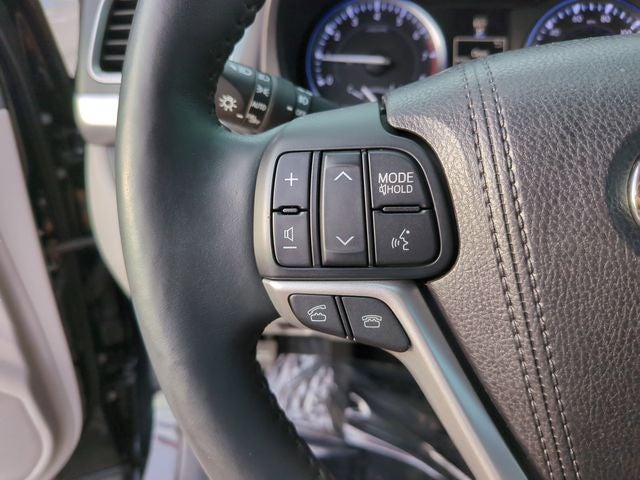 2016 Toyota Highlander Limited Platinum V6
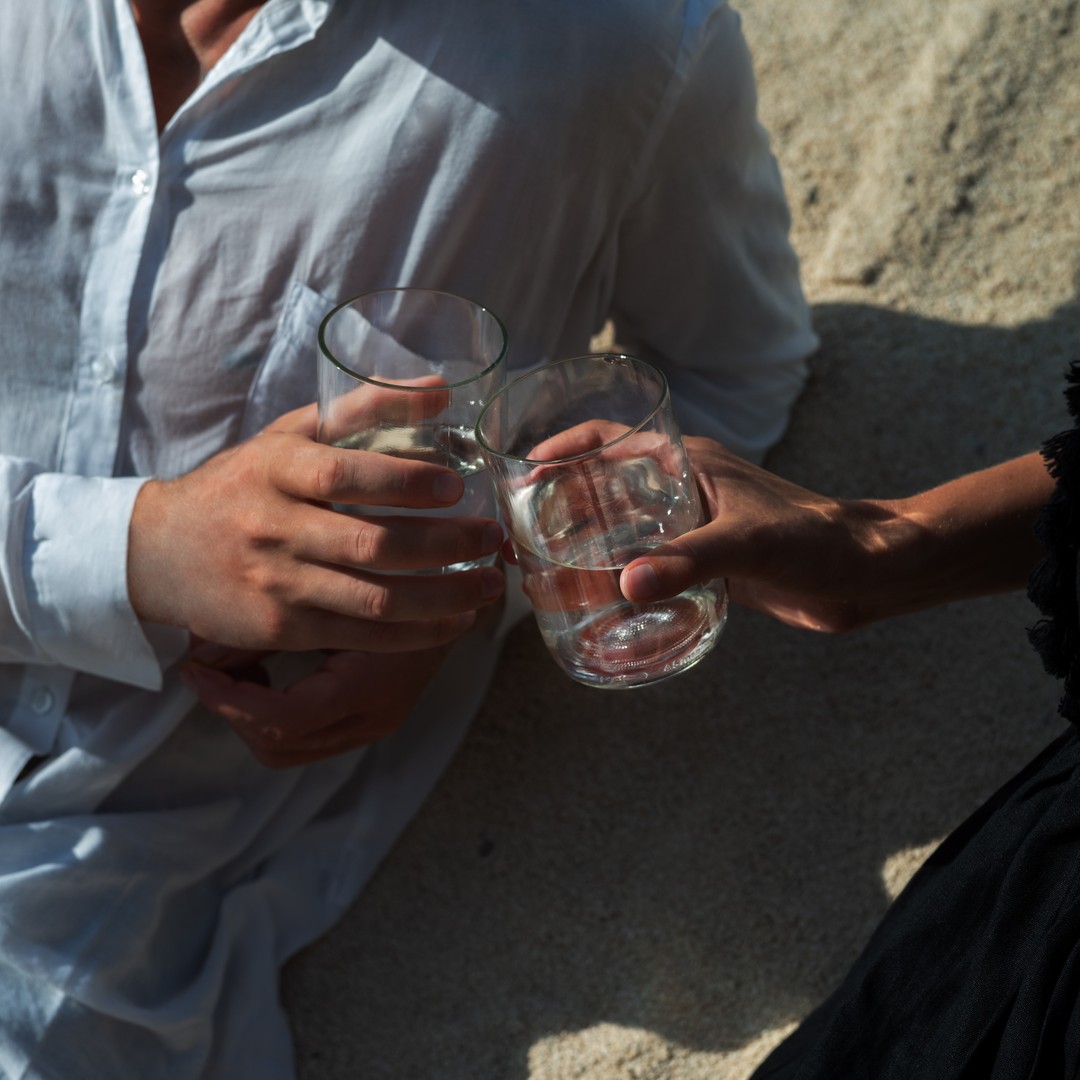 Today we celebrate Best Friends Day! De dag die we vieren met vrienden die écht belangrijk voor ons zijn. Met wie hef jij het glas vandaag? Tag ze in de comments!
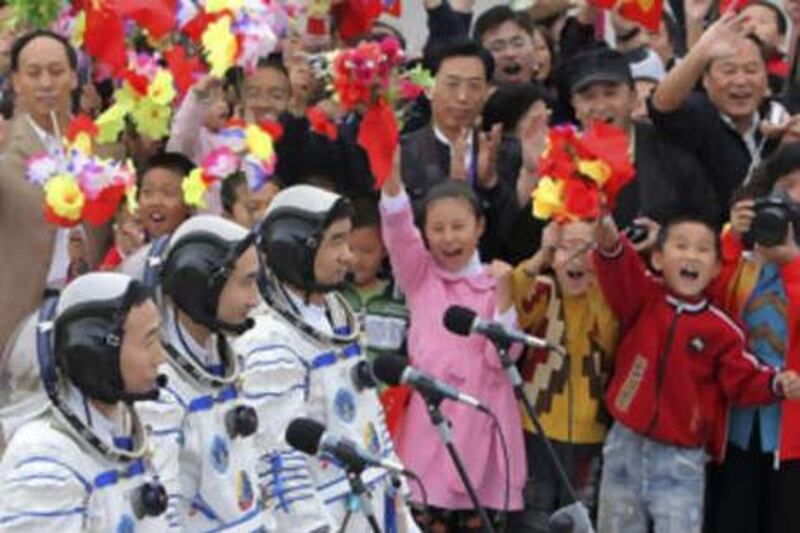 From left to right, Jing Haipeng, Zhai Zhigang and Liu Boming attend a ceremony before the launch of the Shenzhou 7 spacecraft yesterday.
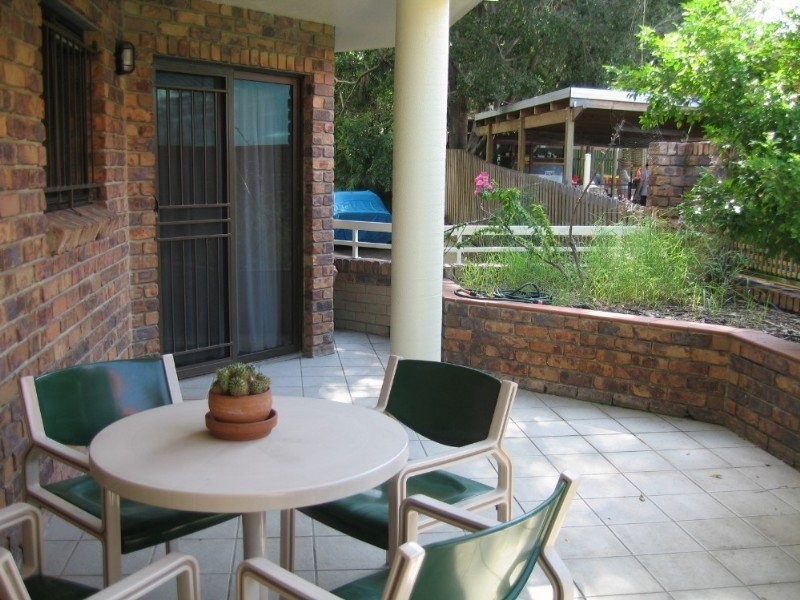 1/15 Riverview Terrace, Indooroopilly QLD 4068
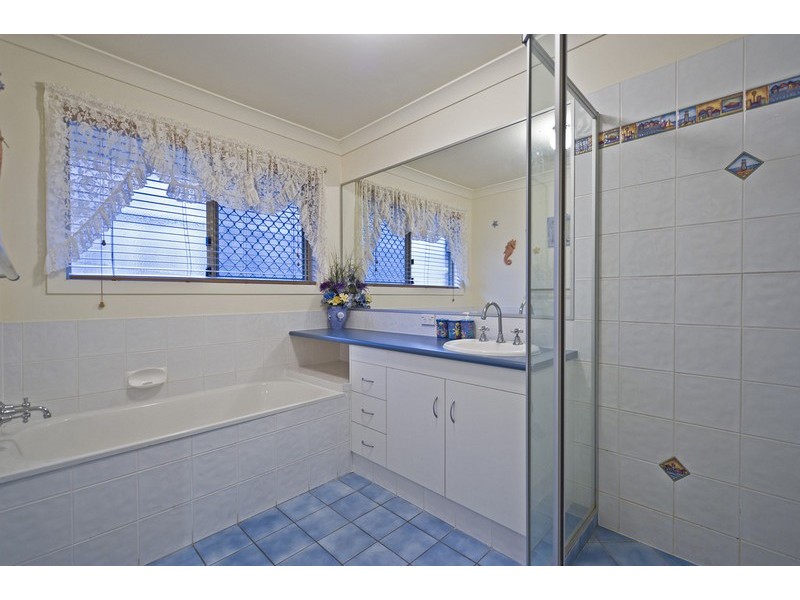 3 Burnside Place – Creekwood, Forest Lake QLD 4078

§ YOUR TASK
Copy out every line above, word for word, minus images.

§ EXPECTED ANSWER
 2016 Toyota Highlander Limited Platinum V6
 Today we celebrate Best Friends Day! De dag die we vieren met vrienden die écht belangrijk voor ons zijn. Met wie hef jij het glas vandaag? Tag ze in de comments!
 From left to right, Jing Haipeng, Zhai Zhigang and Liu Boming attend a ceremony before the launch of the Shenzhou 7 spacecraft yesterday.
 1/15 Riverview Terrace, Indooroopilly QLD 4068
 3 Burnside Place – Creekwood, Forest Lake QLD 4078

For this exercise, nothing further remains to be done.